In ‘Strong Horse Tea’, a desperate woman with a dying child is forced to fall back on the folk medicine she’s rejected when she realises that her requests for a doctor have gone ignored. And in ‘The Flowers’ a little girl loses her innocence when she comes across the bones of a lynched man, stepping (in a sickening moment) ‘smack into his eyes’.
I think my favourite story is ‘Everyday Use’. A poor female sharecropper has two adult daughters. The oldest has left home, gone to university, got involved in the civil rights movement, visited Africa and changed her name. The youngest has been terribly scarred (more mutilation) both physically and psychologically by a fire that burnt down their house when she was a child. One day, the older sister comes to visit with her smart boyfriend and demands two handmade family quilts that the mother had been saving for her younger daughter’s marriage. The older sister argues that the younger girl shouldn’t have them because she’ll only put them to ‘everyday use’ when they should really be displayed on a wall. The mother finally stands up to her daughter and insists on giving the quilts to the younger one — an action that heals their damaged relationship. The two daughters are doubles and the story can be interpreted in various ways. Is the burned, scarred girl the damaged part of the self that’s been left behind by the educated, fashionable sister? Do the quilts represent the heritage that woman like the older sister (who got out and got educated) must leave behind? Perhaps the loss of the ‘quilts’ is the price of getting out? It’s interesting to note that Walker herself was scarred in a childhood accident and felt that she was hideously ugly, but that she also got out, got an education and became involved in feminism and civil rights. In a sense, I think that she’s both women in this story and seems to be making peace with the scared, scarred, shy part of herself.

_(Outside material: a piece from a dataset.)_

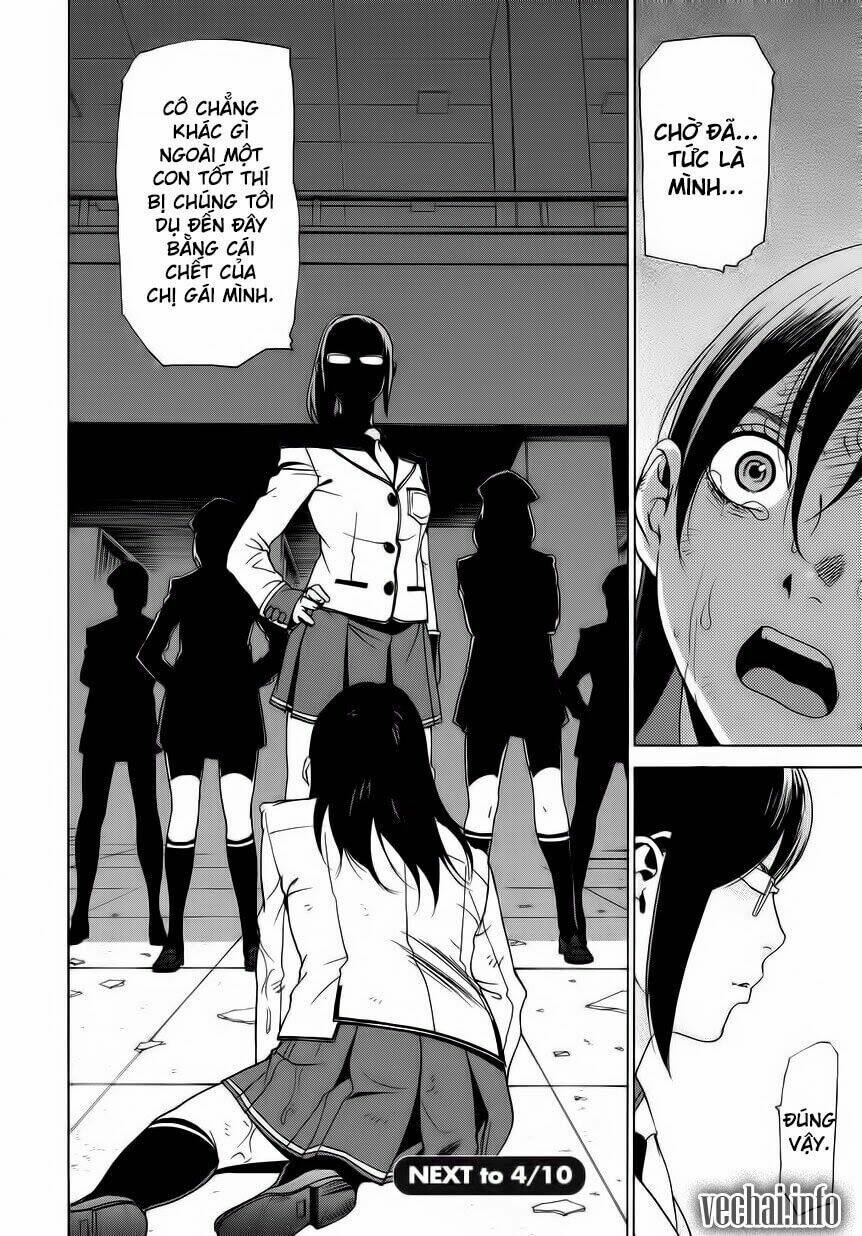 Tokyo Girl Destruction Chapter 10 - 41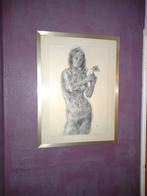 schilderij Victor Quienen, Enlèvement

After so much intense, painful stuff, the collection ends with a gentle, moving story called ‘To Hell with Dying’ about a woman’s sense of responsibility for Mr Sweet, the old drunken neighbour who played with her as a child. She had the job of reviving him whenever he took it upon himself to die, but her magic can’t work forever.
It’s well worth reading this collection alongside Walker’s non-fiction book In Search of Our Mother’s Gardens (1984) where she gives a lot of background to these stories in her essays about her upbringing as the daughter of poor sharecropping farmers, the suppression of black female creativity, the need for black women writers to challenge myths and stereotypes, and the writers that influenced her work — Flannery O’ Connor, Jean Toomer and Zora Neale Hurston in particular.